= Mathematical olympiad =

Math competition

A mathematical olympiad is a mathematical competition where participants are examined by problem-solving and may win medals or achievements depending on their performance. It is usually aimed at pre-university students, and therefore, much of olympiad mathematics consists of elementary mathematics, though solutions may involve the use of calculus or higher-level mathematics. The biggest mathematics olympiad is the International Mathematical Olympiad. Since they measure some mathematical abilities of the students, They identify talented or gifted students in mathematics, who often receive opportunities for scholarships at universities.

== History ==

The concept of mathematics competitions dates back to the late 19th century.

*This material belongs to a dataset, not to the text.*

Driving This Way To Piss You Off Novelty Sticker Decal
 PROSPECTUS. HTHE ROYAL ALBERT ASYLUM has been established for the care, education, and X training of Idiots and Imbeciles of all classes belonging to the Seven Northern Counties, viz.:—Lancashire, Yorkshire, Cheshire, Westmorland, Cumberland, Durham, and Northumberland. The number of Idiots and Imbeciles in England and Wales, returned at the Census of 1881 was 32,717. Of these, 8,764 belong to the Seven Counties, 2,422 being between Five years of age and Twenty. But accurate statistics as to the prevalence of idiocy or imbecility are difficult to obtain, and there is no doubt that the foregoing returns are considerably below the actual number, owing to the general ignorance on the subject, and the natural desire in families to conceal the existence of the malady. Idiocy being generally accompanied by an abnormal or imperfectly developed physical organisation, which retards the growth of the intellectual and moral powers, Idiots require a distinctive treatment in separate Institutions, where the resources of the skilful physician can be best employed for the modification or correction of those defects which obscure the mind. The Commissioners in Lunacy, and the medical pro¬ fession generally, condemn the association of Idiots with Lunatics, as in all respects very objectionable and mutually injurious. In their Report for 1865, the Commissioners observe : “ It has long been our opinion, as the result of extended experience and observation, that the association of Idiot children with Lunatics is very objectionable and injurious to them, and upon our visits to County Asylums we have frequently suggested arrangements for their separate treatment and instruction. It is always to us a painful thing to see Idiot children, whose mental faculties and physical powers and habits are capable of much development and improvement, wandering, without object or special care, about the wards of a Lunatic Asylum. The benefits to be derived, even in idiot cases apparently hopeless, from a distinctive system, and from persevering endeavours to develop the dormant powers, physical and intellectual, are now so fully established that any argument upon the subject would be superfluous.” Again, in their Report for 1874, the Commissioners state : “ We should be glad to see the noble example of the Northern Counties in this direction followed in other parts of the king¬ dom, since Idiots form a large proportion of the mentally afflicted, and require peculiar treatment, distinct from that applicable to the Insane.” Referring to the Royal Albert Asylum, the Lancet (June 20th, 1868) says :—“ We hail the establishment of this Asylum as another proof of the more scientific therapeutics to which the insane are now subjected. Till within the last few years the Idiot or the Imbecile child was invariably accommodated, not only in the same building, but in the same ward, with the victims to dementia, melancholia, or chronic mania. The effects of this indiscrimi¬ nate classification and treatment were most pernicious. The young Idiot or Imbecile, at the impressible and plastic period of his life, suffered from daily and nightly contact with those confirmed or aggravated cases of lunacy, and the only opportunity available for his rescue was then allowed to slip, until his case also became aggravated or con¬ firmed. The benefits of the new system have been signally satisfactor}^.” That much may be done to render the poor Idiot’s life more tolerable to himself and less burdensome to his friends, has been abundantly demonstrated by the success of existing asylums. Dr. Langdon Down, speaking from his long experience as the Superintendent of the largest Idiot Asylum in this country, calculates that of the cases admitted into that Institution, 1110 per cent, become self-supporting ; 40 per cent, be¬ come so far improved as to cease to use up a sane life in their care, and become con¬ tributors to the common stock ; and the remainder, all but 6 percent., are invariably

A one-off competition for 70 primary school students was held in Bucharest in May 1885, but little is known about it. A better-documented Eötvös Competition in Hungary became one of the earliest organized contests in 1894. Romania followed with another competition, this time for secondary school students, in June 1898. USSR introduced regular math olympiads in the 1930s, and the predecessor of the Putnam Competition started in 1938 in the US.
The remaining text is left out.